# 1st macro taken with 100mm c&c please



## Hardrock (Jul 17, 2009)

what do you guys think?







http://s274.photobucket.com/albums/jj273/04svtmustang/?action=view&current=IMG_6893copy.jpg


----------



## Wolverinepwnes (Nov 29, 2009)

very nice!!!! what post processing did you do?


----------



## Overread (Nov 29, 2009)

Please tell me that is a crop - otherwise that is one big fly! 
Looks good to me though - focus in the right place and exposure is decent - though I think the backgroud might be a little hot/strong.

Aperture though is a very hard one to use for macro - f4 is giving you a razor thin depth of field which is very hard to work with and get to look right.
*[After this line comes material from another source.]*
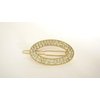 Small gold oval shaped crystal hair pin clip barrettes fine hair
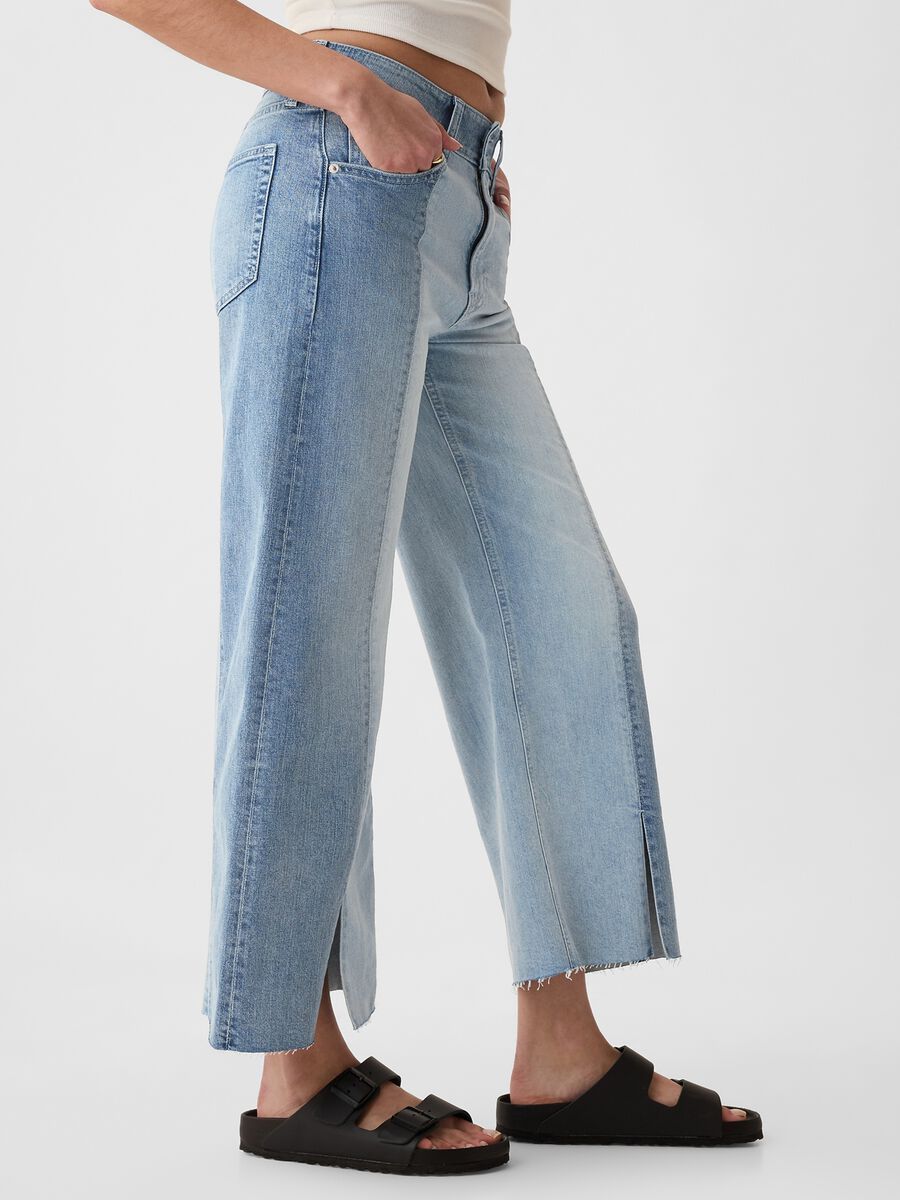 Jeans wide leg ankle bicolore Donna_1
I would personally use f8 as the largest aperture and most of my work is done around f13 for as much depth as I can get (f16 and smaller start to get softer results as diffraction starts to take place). That of course will put more demands on your lighting, but your EXIF says flash was used and it looks very good from where I am viewing the image - so you should not have too much trouble pulling a bit more power out of the flash


----------



## bijdez... (Nov 29, 2009)

wow amazing photo of the fly! it is clear and i really love this picture to see the flies detail when you cant see the details when they fly around. how were you available to take this pic?


----------



## pugnacious33 (Nov 29, 2009)

I like the blown out background. Really adds effect. Great shot!


----------



## Provo (Nov 29, 2009)

I have to get me one of these macro lens. The picture came out very well


----------



## Hardrock (Nov 30, 2009)

Thanks guys for all the comments! I believe its actually called a robber fly. It was the very first bug I got a picture of with my 100mm canon macro lens.  I was walking in my front door of my house and he was hanging on the side of the brick. I bascially had to hide the sun behind him  thats why the sky is blown out. It is a crop but not much , I was able to get very close and I belive the lens was set at 1:1, thats why the tail is cut off. Post processing I used cs3 a little , sharpen , color saturation , and levels. I cant remember if I used flash or not that picture and this series http://www.thephotoforum.com/forum/macro-photography/174845-bessert.html 

was shot before I knew that f8 to f13 was needed to get a decent depth of field.


----------